Adam Longoria told Venture Corp. coworker Adam Rios that he was attracted to Alicia DeBolt but didn’t expect it would lead to anything because she was so young, Rios testified Friday. During the second day of testimony in Barton County District Court, jurors for Longoria’s capital murder trial also heard how a Venture employee discovered the burned body of the 14-year-old Great Bend girl on Aug. 24, 2010, and the about the investigation then launched by the Kansas Bureau of Investigation.
DeBolt, 14, disappeared the night of Aug. 21, 2010, and her charred remains were found three days later by Venture employee Joel Cross, at the company’s asphalt near Dundee, about six miles west of Great Bend. Longoria is charged with killing the Great Bend teenager after attempting to sexually molest her.
Cross was foreman at the asphalt plant on Aug. 21, 2010. Rios was asked to work that day but said he already had plans to take his family to the Sedgwick County Zoo. So Longoria took his place that morning, arriving late in a black Ford Escape and leaving within two hours because he said he had sick children.

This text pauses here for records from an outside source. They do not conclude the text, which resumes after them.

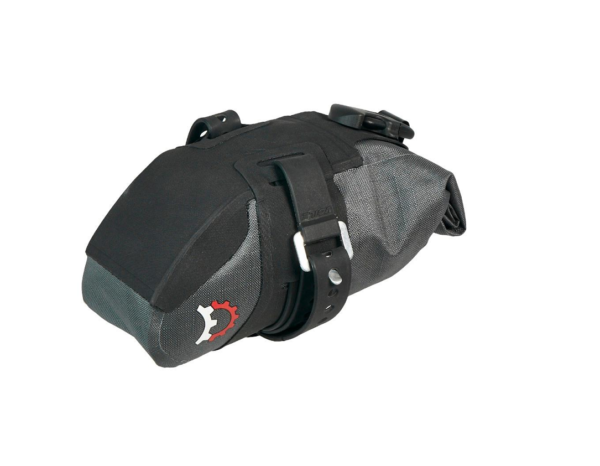 A black & grey Revelate Stoat bicycle seat bag is showns with rubberized straps and velcro holding it in a rolled, compressed package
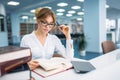 Pretty woman in glasses learning book, library Royalty Free Stock Photo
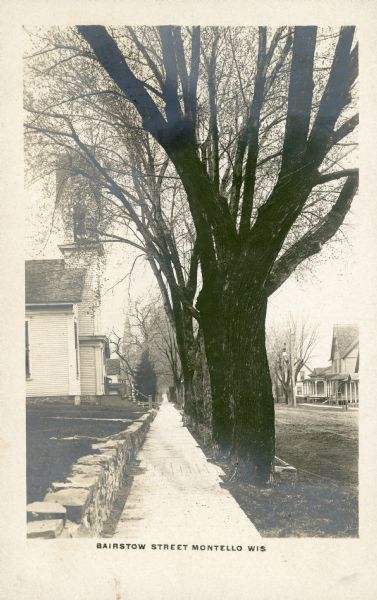 The printed inscription identifies this view of "Bairstow [sic] Street, Montello, Wis." It is a view down a sidewalk towards the Methodist Church on the left, and the steeple of St. John the Baptist Catholic Church in the far background. There is a low stone wall along the wooden sidewalk lined with mature trees on the right, with houses on the right side of the street.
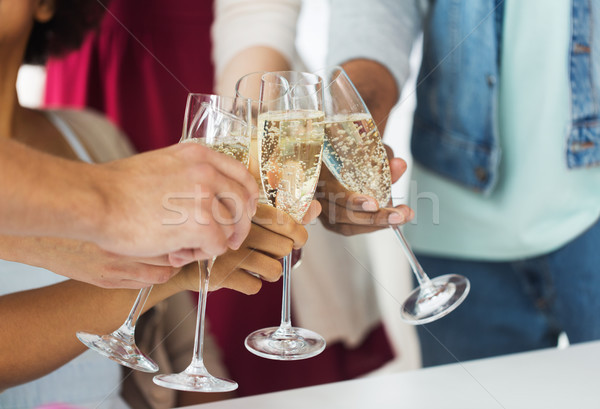 Stock photo: friends clinking glasses of champagne at party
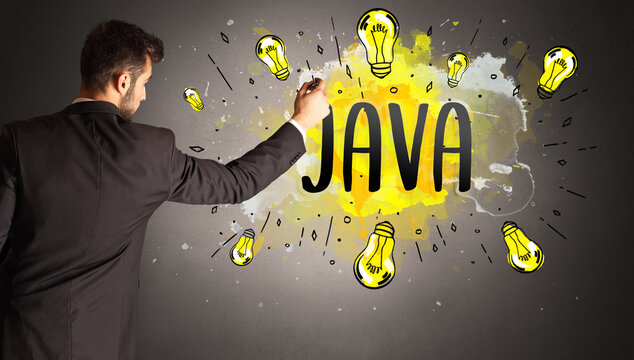 man drawing colorful light bulb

Cross also worked at the Dundee plant on Aug. 24, 2010. Around 3:30 p.m., Cross was on a backhoe when he saw something he hadn’t noticed before. “It was what appeared to be a burnt mannequin at the time,” he said. He drew closer and saw flies, and realized he was looking at a body.  “It just seemed very surreal at the time,” he said. The body “had no human-like features of any kind.”
Rios testified he was back at work on Aug. 24, at a different location than the Dundee asphalt plant. Longoria was working with him and complaining about women coming by his house and asking about Alicia, who was still missing at the time. “He said he met her at a party,” Rios testified, but added he’d realized nothing would come of it after he learned the girl was only 14 years old. He was 36.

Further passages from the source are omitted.